SUPPLIED ENTRIES –

============

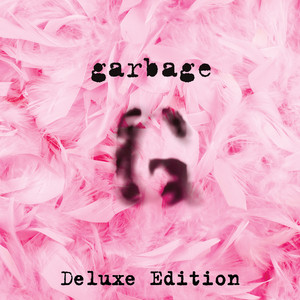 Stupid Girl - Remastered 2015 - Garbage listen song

============

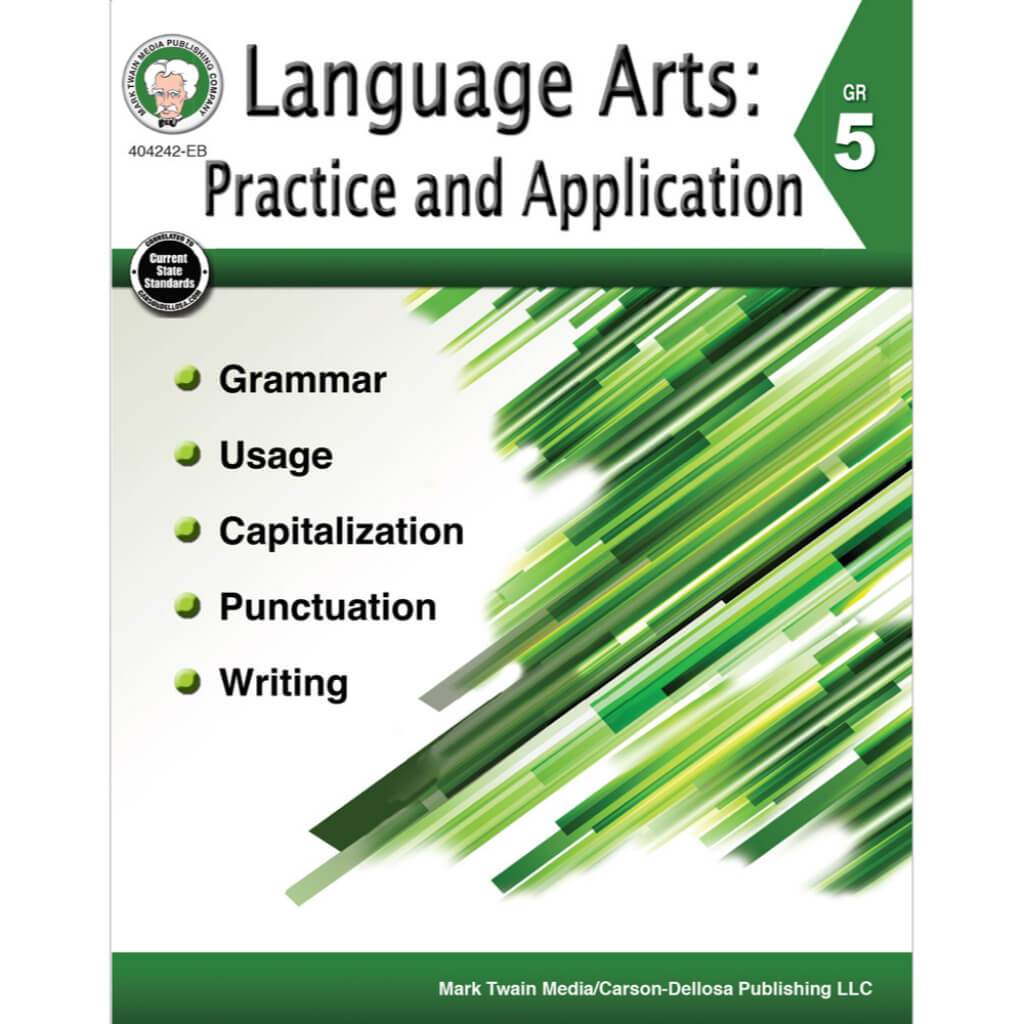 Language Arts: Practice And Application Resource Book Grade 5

============

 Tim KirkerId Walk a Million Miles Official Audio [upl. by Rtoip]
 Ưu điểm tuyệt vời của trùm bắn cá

============

Using the records above, write out exactly the lines between the one holding "Tim KirkerId Walk" and the one holding "Ưu điểm tuyệt vời của trùm bắn cá", inclusive; leave everything else out.

SOLUTION BELOW –
 Tim KirkerId Walk a Million Miles Official Audio [upl. by Rtoip]
 Ưu điểm tuyệt vời của trùm bắn cá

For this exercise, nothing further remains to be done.